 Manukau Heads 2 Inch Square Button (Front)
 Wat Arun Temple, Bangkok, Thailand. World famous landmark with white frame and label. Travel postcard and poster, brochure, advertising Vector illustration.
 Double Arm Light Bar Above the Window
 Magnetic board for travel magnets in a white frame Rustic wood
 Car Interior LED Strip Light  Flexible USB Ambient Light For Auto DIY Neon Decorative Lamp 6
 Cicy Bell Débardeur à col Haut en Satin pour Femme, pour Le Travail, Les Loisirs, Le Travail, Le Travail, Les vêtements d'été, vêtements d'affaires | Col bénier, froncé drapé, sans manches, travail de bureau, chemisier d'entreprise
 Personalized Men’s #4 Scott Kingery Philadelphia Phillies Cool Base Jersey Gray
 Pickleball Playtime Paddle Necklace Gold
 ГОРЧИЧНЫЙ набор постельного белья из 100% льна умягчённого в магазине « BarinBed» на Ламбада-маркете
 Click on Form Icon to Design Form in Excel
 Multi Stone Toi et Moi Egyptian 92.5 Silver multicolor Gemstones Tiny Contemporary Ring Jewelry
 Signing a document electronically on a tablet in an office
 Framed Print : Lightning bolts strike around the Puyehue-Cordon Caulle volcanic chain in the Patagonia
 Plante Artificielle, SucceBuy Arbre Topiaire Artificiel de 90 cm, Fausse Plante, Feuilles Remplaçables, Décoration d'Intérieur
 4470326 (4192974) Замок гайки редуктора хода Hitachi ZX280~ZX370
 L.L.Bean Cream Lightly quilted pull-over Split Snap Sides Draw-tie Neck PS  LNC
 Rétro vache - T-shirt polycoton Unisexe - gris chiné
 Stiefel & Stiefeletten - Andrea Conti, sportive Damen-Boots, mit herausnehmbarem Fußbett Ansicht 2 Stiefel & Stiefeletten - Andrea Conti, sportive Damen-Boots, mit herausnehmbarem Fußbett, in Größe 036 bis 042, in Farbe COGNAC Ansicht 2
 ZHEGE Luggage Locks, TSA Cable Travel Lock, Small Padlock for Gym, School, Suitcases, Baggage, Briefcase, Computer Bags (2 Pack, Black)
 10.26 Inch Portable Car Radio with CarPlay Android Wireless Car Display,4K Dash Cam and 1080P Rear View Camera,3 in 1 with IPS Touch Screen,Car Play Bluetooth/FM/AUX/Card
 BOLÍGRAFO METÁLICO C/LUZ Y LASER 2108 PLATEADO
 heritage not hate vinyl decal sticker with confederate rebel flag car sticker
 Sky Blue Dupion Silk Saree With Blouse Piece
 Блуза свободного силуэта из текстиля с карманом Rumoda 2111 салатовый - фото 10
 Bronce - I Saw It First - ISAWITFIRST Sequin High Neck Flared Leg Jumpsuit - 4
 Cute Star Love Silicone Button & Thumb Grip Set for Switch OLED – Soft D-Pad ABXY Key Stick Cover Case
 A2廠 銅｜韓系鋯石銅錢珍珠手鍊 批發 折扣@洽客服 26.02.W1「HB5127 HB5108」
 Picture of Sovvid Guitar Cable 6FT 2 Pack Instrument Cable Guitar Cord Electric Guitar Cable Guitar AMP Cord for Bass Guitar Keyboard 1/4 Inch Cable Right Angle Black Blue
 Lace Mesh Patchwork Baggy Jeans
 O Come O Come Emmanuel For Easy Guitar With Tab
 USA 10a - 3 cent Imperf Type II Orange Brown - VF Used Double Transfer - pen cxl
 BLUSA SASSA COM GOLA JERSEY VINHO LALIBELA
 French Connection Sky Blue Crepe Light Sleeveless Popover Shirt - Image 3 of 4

——————————

Work item - From the listing above, return the lines starting at the one with "Signing a document" and ending at the one with "in Farbe COGNAC Ansicht 2", both kept, exactly as they appear and nothing more.

Solution -
 Signing a document electronically on a tablet in an office
 Framed Print : Lightning bolts strike around the Puyehue-Cordon Caulle volcanic chain in the Patagonia
 Plante Artificielle, SucceBuy Arbre Topiaire Artificiel de 90 cm, Fausse Plante, Feuilles Remplaçables, Décoration d'Intérieur
 4470326 (4192974) Замок гайки редуктора хода Hitachi ZX280~ZX370
 L.L.Bean Cream Lightly quilted pull-over Split Snap Sides Draw-tie Neck PS  LNC
 Rétro vache - T-shirt polycoton Unisexe - gris chiné
 Stiefel & Stiefeletten - Andrea Conti, sportive Damen-Boots, mit herausnehmbarem Fußbett Ansicht 2 Stiefel & Stiefeletten - Andrea Conti, sportive Damen-Boots, mit herausnehmbarem Fußbett, in Größe 036 bis 042, in Farbe COGNAC Ansicht 2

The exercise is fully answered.